#### Records:
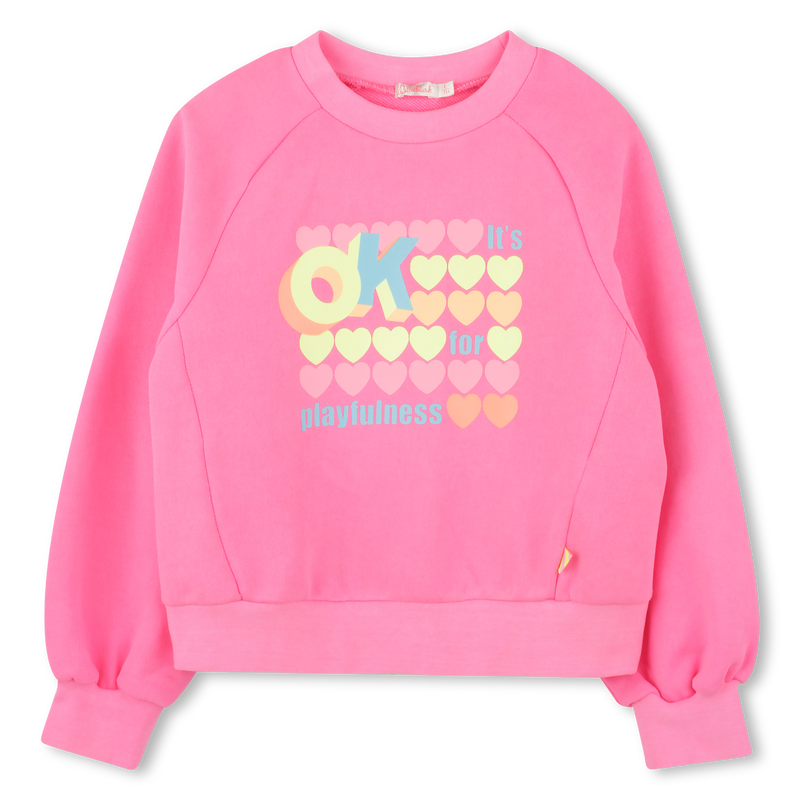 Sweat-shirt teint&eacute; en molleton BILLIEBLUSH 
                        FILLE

--

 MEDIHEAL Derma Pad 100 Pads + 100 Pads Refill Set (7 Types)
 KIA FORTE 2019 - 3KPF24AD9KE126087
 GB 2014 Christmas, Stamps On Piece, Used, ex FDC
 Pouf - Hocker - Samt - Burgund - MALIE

---

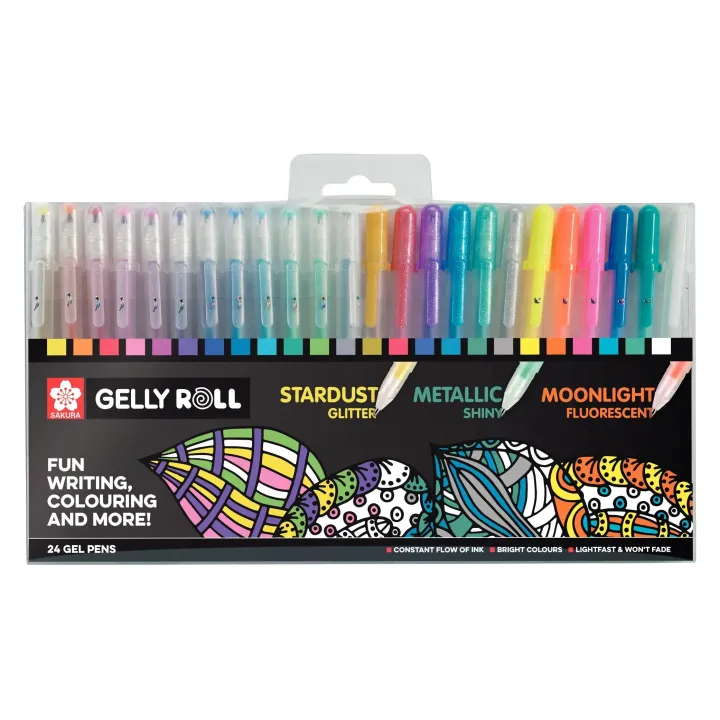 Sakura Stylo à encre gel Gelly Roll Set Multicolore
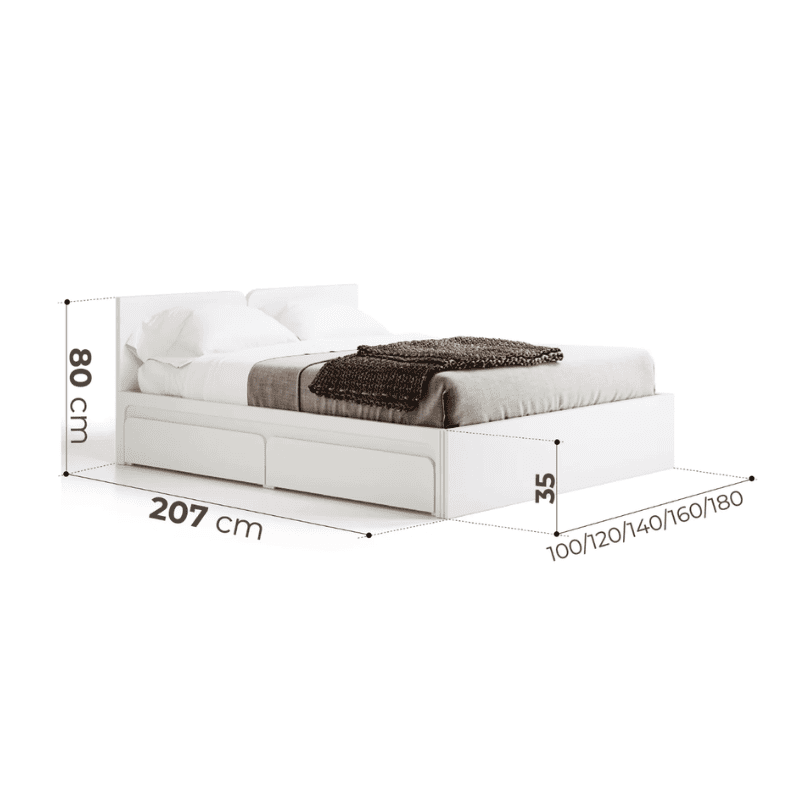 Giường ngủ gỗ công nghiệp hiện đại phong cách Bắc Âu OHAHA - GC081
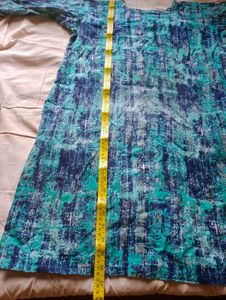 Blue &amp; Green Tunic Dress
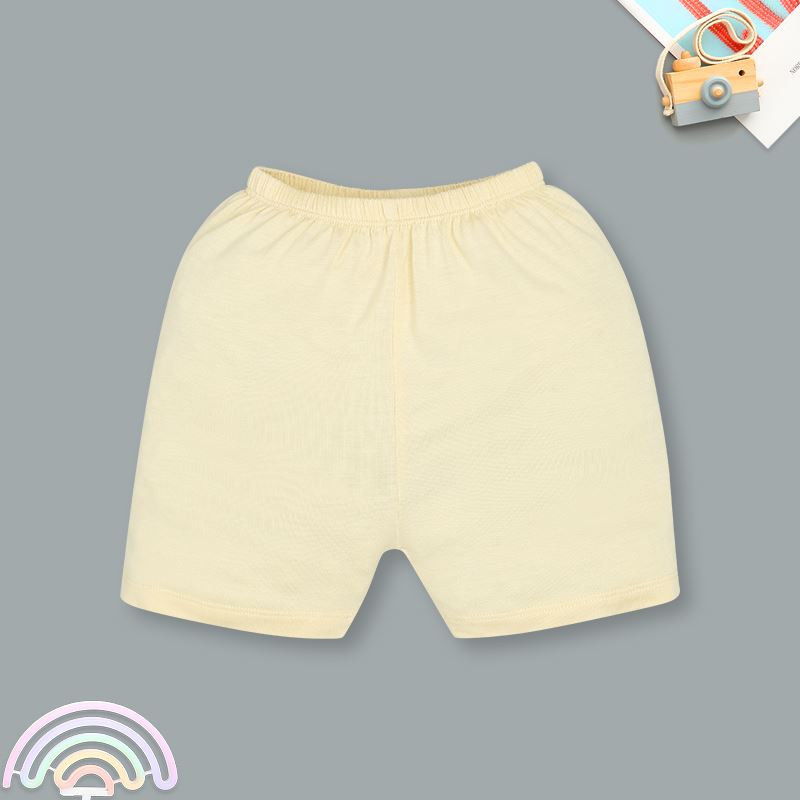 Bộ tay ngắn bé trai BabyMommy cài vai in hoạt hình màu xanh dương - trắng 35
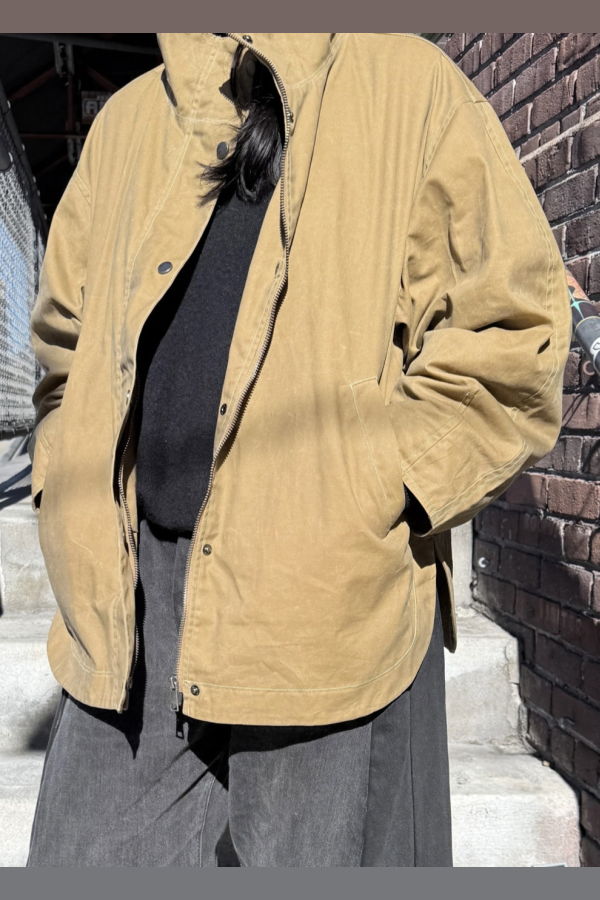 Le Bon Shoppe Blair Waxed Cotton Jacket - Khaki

#### Exercise:
A clean copy is needed of the lines in the listing above from the one with "Giường ngủ gỗ" through the one with "Le Bon Shoppe", exact in every word and free of pictures.

#### Answer to the problem:
 Giường ngủ gỗ công nghiệp hiện đại phong cách Bắc Âu OHAHA - GC081
 Blue &amp; Green Tunic Dress
 Bộ tay ngắn bé trai BabyMommy cài vai in hoạt hình màu xanh dương - trắng 35
 Le Bon Shoppe Blair Waxed Cotton Jacket - Khaki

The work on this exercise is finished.